Back to school money saving tips

If you have a child that’s starting or returning to school in September, it’s an expensive time of year and you may be concerned about  meeting the costs.

The best way to prepare for these costs is to set out a budget. The National Consumer Agency’s back to school budget planner can help you. It’s also a good idea to check whether you are eligible for Back to School Clothing and Footwear Allowance which helps towards the cost of uniforms and footwear. You can get more information on the conditions you must meet to qualify and how to apply on the Department of Social Protection website.

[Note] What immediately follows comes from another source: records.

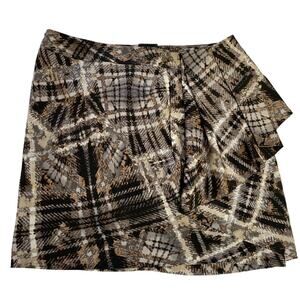 Silk Skirt, Eccoci, Left‎ hip detail, Lined, Above Knee Length, Size 14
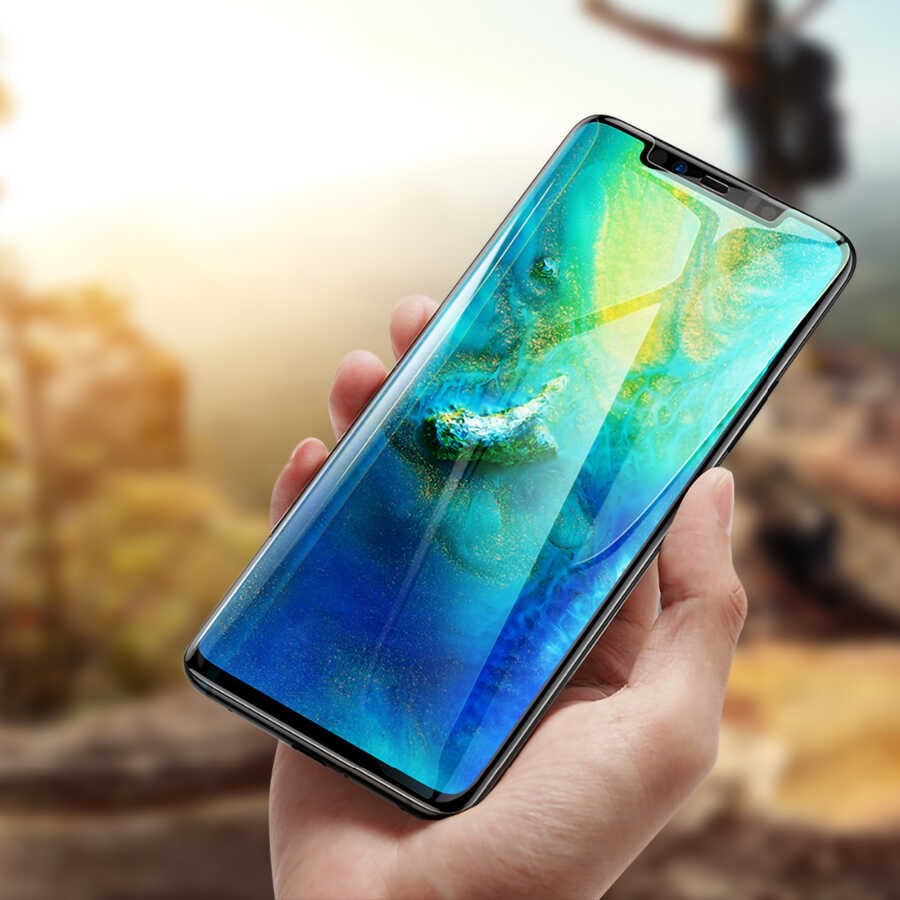 Huawei Mate 20 Pro Davin Seramik Ekran Koruyucu Siyah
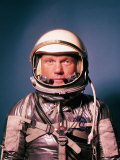 Astronaut John Glenn in a Mercury Program Pressure Suit and Helmet Premium Photographic Print by Ralph Morse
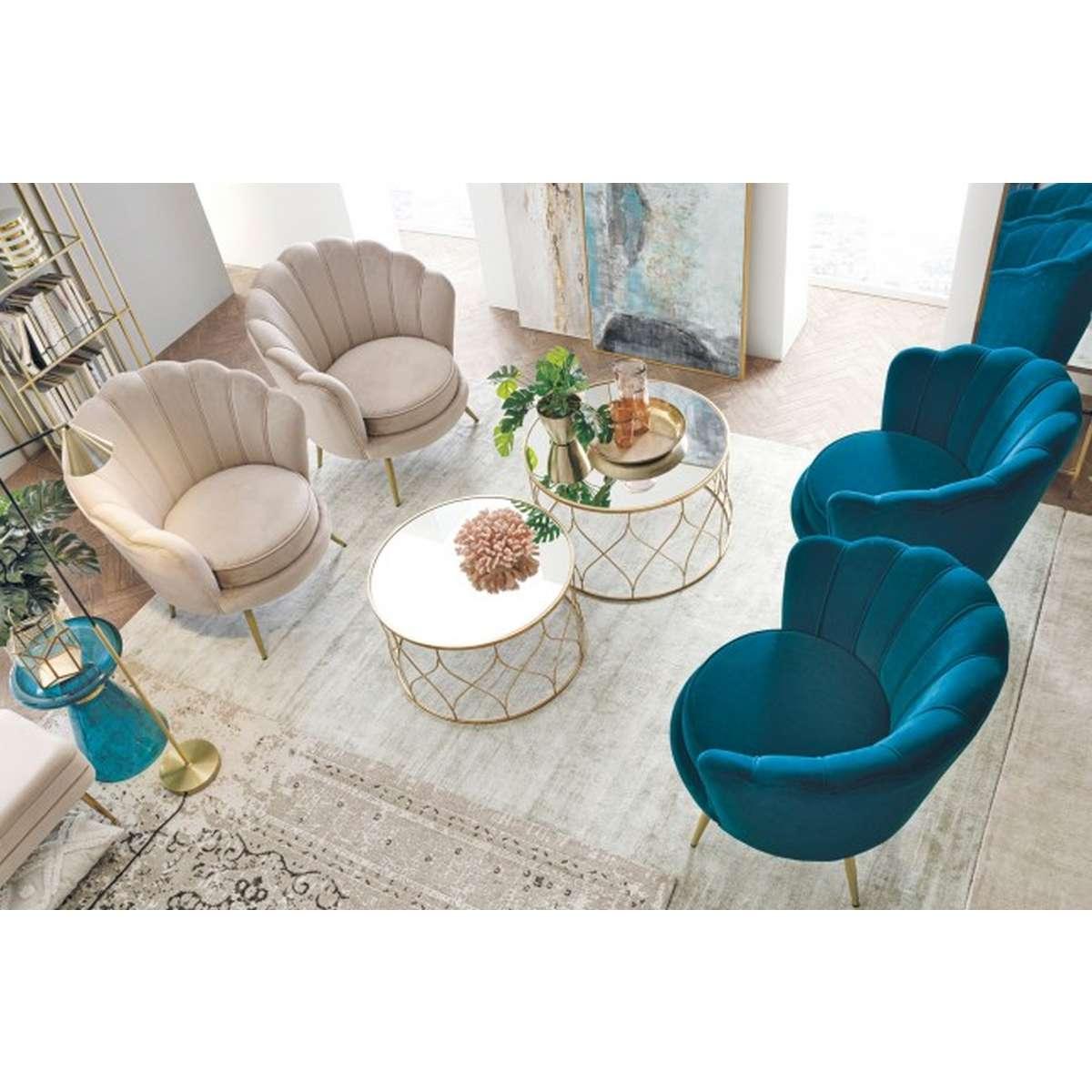 Tavolino Set pz.2 Elenor Tondo J17 | Bizzotto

If your finances are under pressure, the following tips can help you make savings on some of the main back to school costs:


  • Uniforms can be one of the biggest back to school expenses. Talk to your school to see if it operates or knows of a second-hand uniform sale. Some websites also sell second-hand uniforms.
  • Keep an eye out for shops doing special promotions on school uniforms and try to shop around for generic items of clothing like grey skirts or trousers – just because the school crest appears on the jumper doesn’t mean you have to buy the matching plain skirt or trouser from their exclusive supplier. The larger chain stores can be good for these, but bear in mind that stocks don’t last when demand is high so it’s a good idea to buy early rather than waiting till just before the start of the new school year.
  •  If your school requires you to buy an item of clothing with a school crest, ask them if you can purchase the crest and uniform separately to save you money.
  • It can be worth checking with friends or relatives for second hand school coats or blazers which are often not worn much.
  • Label Uniforms. There is nothing more frustrating for a parent who has spent considerable money on purchasing a new uniform at the beginning of the school year than for their child to announce after a few weeks or months that they have lost their jumper or jacket. By labelling the uniform and including a telephone number you considerably increase the odds of the lost item being returned. Put your home number on the label rather than your child’s mobile number – in this way your child’s mobile number will not inadvertently get into the wrong hands.

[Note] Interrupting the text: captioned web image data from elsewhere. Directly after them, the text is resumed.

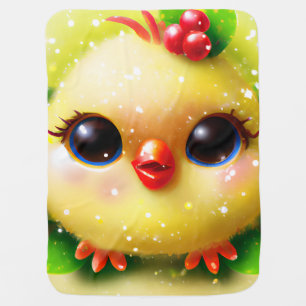 Cute Kawaii Yellow Baby Chick Blanket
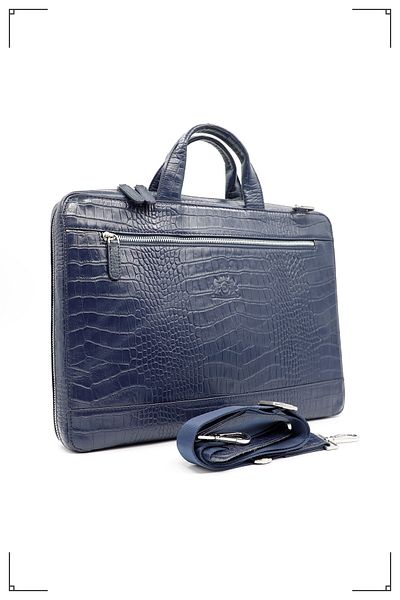 Derimo Leather حقيبة كمبيوتر محمول وحقيبة من الجلد الطبيعي
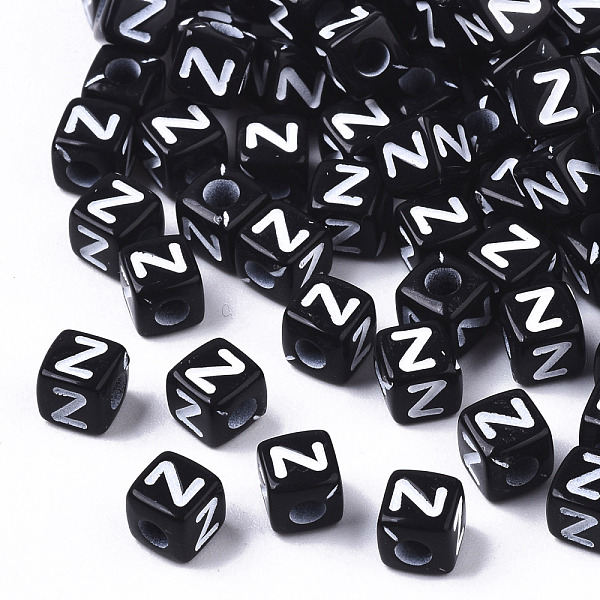 PandaHall Opaque Acrylic Beads, Horizontal Hole, Alphabet Style, Cube, Black & White, Letter.Z, 5x5x5mm, Hole: 2mm, about 5000pcs/500g...
PandaHall Opaque Acrylic Beads, Horizontal Hole, Alphabet Style, Cube, Black & White, Letter.Z, 5x5x5mm, Hole: 2mm, about 5000pcs/500g...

  • Consider buying second hand schoolbooks. Before you do, you’ll need to check whether your school specifies a particular edition of a given textbook. If you have to buy brand new books, make sure you shop around. You can compare prices in bookshops and with online retailers, as well as specialised schoolbook websites. Some schoolbook websites also sell second hand books or allow you to sell your books through their websites.
  • If buying new books you can sometimes make savings (typically 10%) if you are organised and buy your books during the summer holidays. But check with your school that there will be no changes to their book-list.
  • Some schools operate book-lending schemes and don’t forget that some books, such as popular classics, are also available from libraries, though lending times can be limited.
  • Don’t forget that you can also sell or swap your child’s old books if they are in good condition.
  • Clients of Galway Maths Grinds can advertise for free that they have books for sale or that they want to buy school textbooks by emailing the details to
  • The same comments above on labelling uniforms apply to putting a name and contact number on books and other equipment.

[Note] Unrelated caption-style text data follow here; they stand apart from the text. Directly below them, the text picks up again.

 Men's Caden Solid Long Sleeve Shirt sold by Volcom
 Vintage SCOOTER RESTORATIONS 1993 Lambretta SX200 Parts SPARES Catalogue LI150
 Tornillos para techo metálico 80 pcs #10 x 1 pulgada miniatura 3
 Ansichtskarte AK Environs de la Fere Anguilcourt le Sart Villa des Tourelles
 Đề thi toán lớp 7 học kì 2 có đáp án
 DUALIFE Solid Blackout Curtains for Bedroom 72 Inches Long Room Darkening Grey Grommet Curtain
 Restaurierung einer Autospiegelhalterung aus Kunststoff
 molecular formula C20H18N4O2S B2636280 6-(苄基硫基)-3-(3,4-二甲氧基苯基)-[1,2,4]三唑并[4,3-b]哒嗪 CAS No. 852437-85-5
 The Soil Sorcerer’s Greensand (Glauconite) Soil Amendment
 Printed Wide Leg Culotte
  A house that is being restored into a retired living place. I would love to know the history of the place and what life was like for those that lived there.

  • Buying stationery in bulk can be cheaper than buying items one by one. There are usually good offers at back-to-school time, such as bundles of copybooks, pens and notebooks, so, if you can afford it, it might be worth buying what you will need for the year.
  • Consider bulk buying with family, friends or neighbours to bring the cost down further.


  • Packed lunches prepared at home are not only cheaper than shop-bought lunches – they are often more nutritious. Lunch-box products targeted at children can contain large amounts of salt and sugar and generally work out more expensive. A little time spent planning your family’s weekday lunch menu before you do the shopping can reduce food wastage and save you money.
  • You can get tips on making healthy lunches on the safefood website.


  • Most students at sometime require additional help outside of their normal school time for any number of reasons. While often 1-to-1 classes are the most appropriate solution to meet their needs,  this is not always necessary. Savings in fees can be made by taking a class with just one or two other students, and each can still receive a high level of individual attention. Galway Maths Grinds offers this facility subject to being able to match students with similar requirements.
  • As well as combating summer learning loss, taking classes during the summer holiday period may also be cheaper than during the normal school year.